* Instructions to follow
Please copy exactly the line that contains "E-Liquide Blond Miel 10 ml..." and every line after it through the end of the records, leaving the pictures out.

[Items from a dataset]
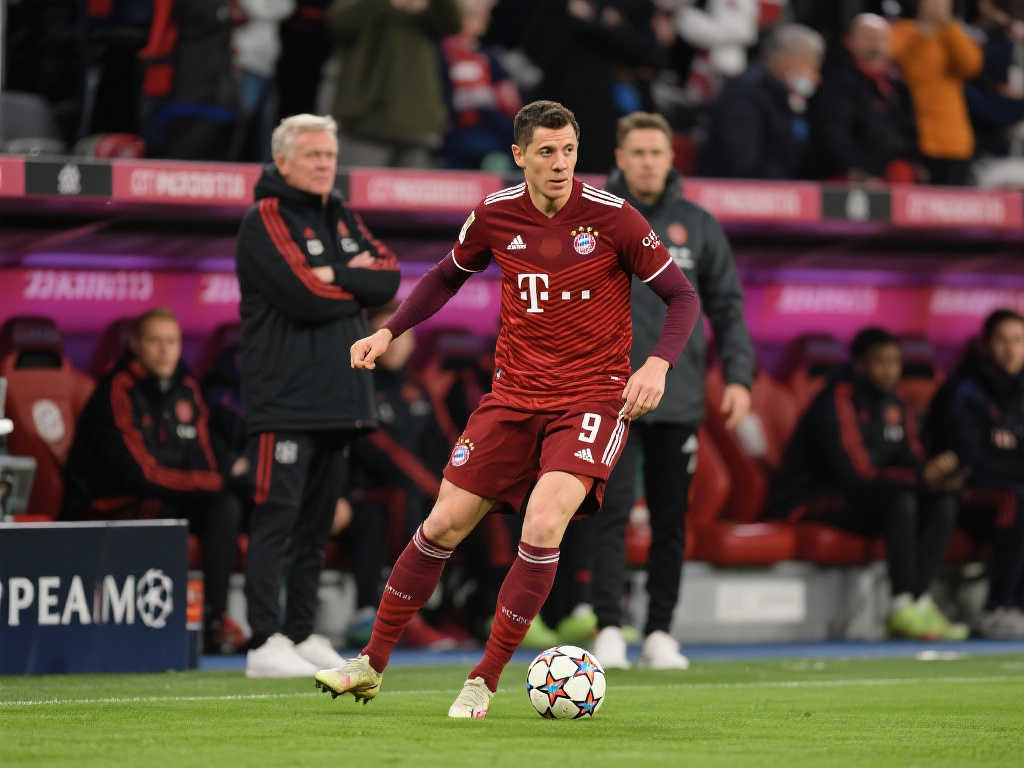 受瞩目的年 受瞩目的年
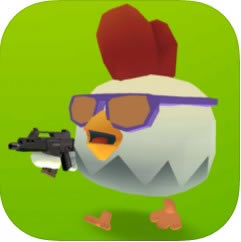 СԾϷ-Chicken Gunv2.9.01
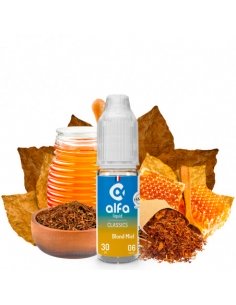 E-Liquide Blond Miel 10 ml...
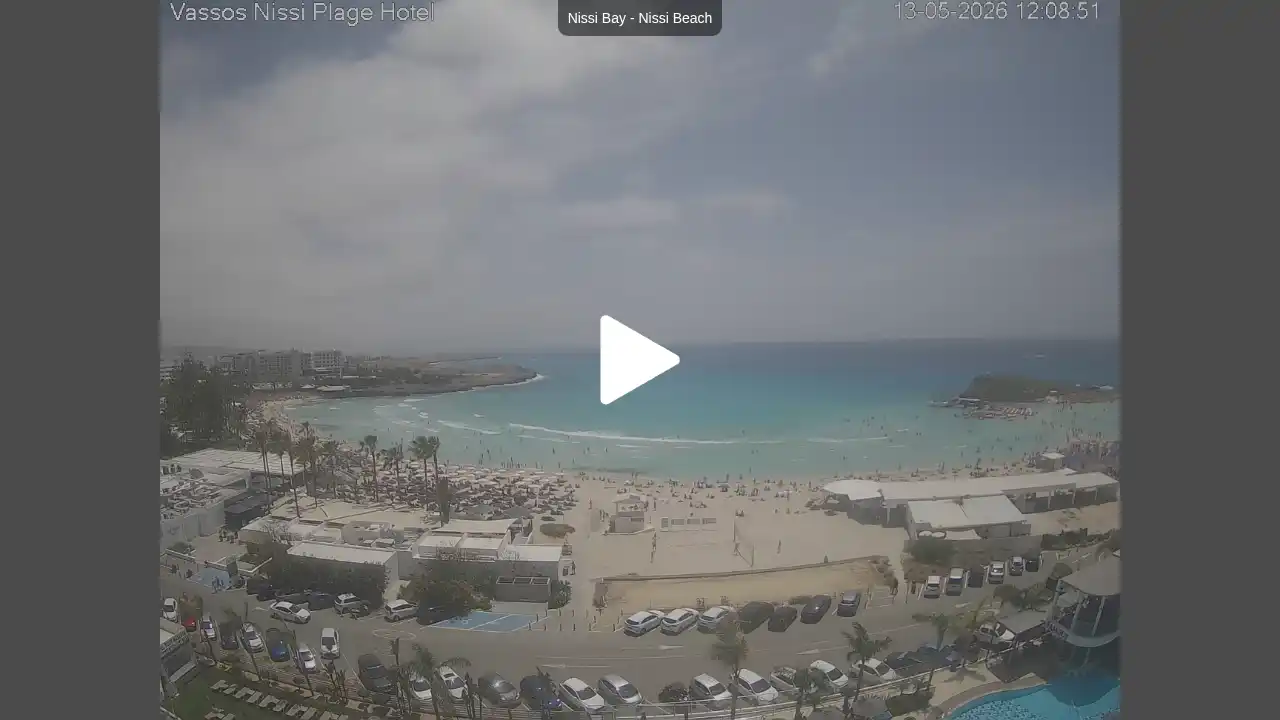 Webcam snapshot from :city — May 13, 2026 10:00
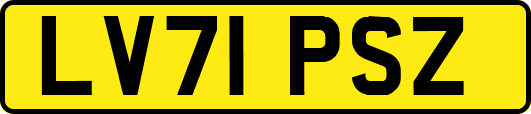 LV71PSZ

* Final answer
 E-Liquide Blond Miel 10 ml...
 Webcam snapshot from :city — May 13, 2026 10:00
 LV71PSZ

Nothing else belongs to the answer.